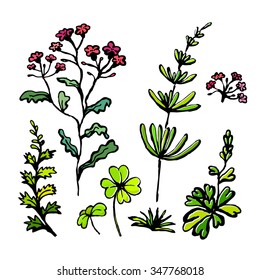 Set flowers handmade. Vector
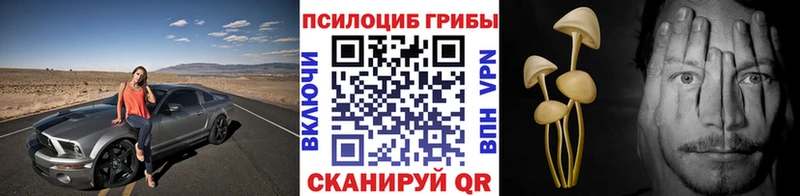 Галлюциногенные грибы мицелий  Бородино 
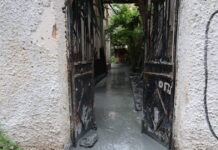 Κυψέλη: Τι είναι ο αθηναϊκός σχιστόλιθος που αναβλύζει από αυλή και αναστάτωσε τους κατοίκους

WHAT TO WORK ON: Return the listing above unaltered, omitting its pictures.

COMPLETED TASK:
 Set flowers handmade. Vector
 Галлюциногенные грибы мицелий  Бородино 
 Κυψέλη: Τι είναι ο αθηναϊκός σχιστόλιθος που αναβλύζει από αυλή και αναστάτωσε τους κατοίκους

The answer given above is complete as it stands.